Grosse Ile, which housed Canada’s quarantine hospital for immigration, was completely unprepared for the mass of ill, starving, half-clothed people arriving to their shore. The only hospital at Grosse Ile had 150 beds that were filled when the first ship arrived in March 1956. Of the 241 passengers, 202 needed beds. By the end of May, forty ships had arrived with 12,500 people. There was nowhere to put them, so the caregivers were forced to keep the people on makeshift sheds or on the ships they arrived in. At a minimum, fifty deaths per day was usual until ice forced the ships to stop sailing.
The 1847 Harvest
In the spring, when seed potatoes would normally have been sown, there were none as they had all been eaten. The English government considered a bill that would have provided a small amount to the landlords to be distributed among their tenants, but the scheme was withdrawn when seed merchants protested government interference with their profits; thus, the fields lay fallow, and the harvest, despite the plant pathogen making no appearance, was poor.
By the summer, more flint corn from overseas had arrived in plenty, so the price of food finally fell. Since the work projects had been withdrawn, laborers had no wages to buy food, but the newly set up soup kitchens could purchase the corn and distribute it as soup among the people who arrived at the cauldrons, bowls in hand.
Since the potato blight had not reappeared, Trevelyan considered the relief effort over, and went on holiday to France. The few farms that had managed to plant potatoes had a healthy crop, the grain harvest flourished, and another small percentage of poor farmers had turnip seed provided by the Quakers. Nevertheless, most of Ireland faced another year without potatoes, and people continued to die of starvation and disease or flee the country. Despite fields needing to be harvested and men needing work, the general poverty was so ubiquitous that harvests went ungathered.

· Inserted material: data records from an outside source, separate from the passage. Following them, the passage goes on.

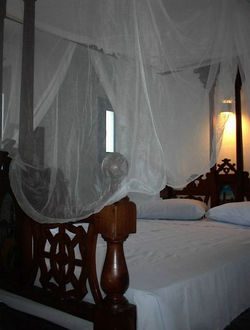 STUDIO1 (1).JPG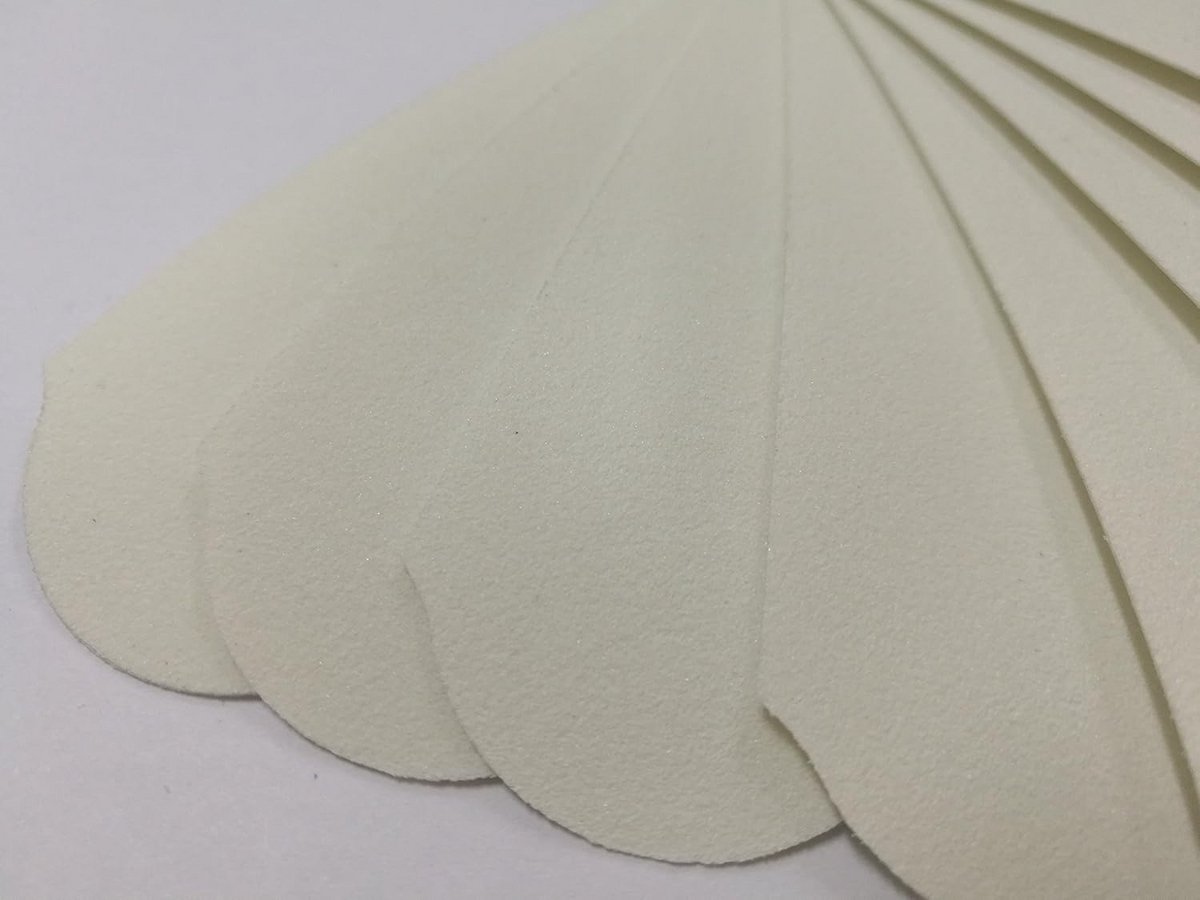Pedicure Vijlbladen Roestvrij Staal Navulbaar Nagelschaafpapier 180 Grit Wit 60 Stuks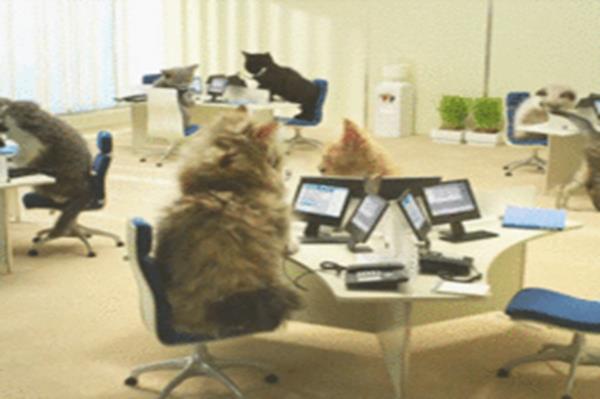 http://data.whicdn.com/images/19456566/funny-gif-cats-working-office_thumb.gif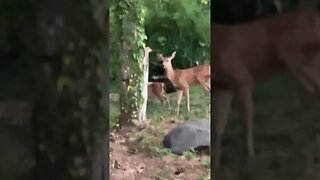 3 legged deer 🦌 with babies baby deer family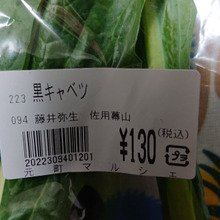 トスカーナ原産、ケールの仲間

The new English government, a Whig administration, had decided that the landowners would have to shoulder the whole financial responsibility for their own poor and were taxed accordingly. The reality was that the landlords themselves were often bankrupt.
The 1848 Harvest: The Potato Blight Strikes Again
Since the harvest had seen no sign of the potato blight in 1847, Ireland as a whole thought it was over. The families still in possession of fields sold everything they could in order to buy seed potatoes. The enthusiasm for the return to their old lives resulted in foolhardy choices. Few other crops were sown. The potato was coming back.
They were wrong. July 1848 was wet. The blight swept through and the last resources of the remaining people were gone. The landlords themselves were desperate. Many “good” landlords felt that they had no option but to evict their tenants because they couldn’t continue to pay rates for which they were receiving no income. Some landowners fell into insolvency, but under the law they were unable to sell their land while it carried a debt.
The horrific conditions continued and, due to a cumulative effect, was even worse than the preceding years. Losing the gamble on a healthy potato crop had been an utterly demoralizing blow.
Emigration continued but by a different class of people. Canada had changed its emigration laws to avoid the catastrophe it had experienced; the poorest now were forced to stay in Ireland. However, middle-class Irish landowners and townspeople had had enough and were leaving. Villages and towns emptied.
The Irish Potato Famine and arguably the English government stripped Ireland of its people. The country never regained its pre-famine population. Visitors to Ireland before the famine remarked on the singing they heard everywhere they went. Beginning in 1845, the country grew silent. By 1849, the silence would have been deafening.
Donnelly, J. S. (2013). The Great Irish Potato Famine. The History Press.
Smith, W. C. (1962). The great hunger. H. Hamilton.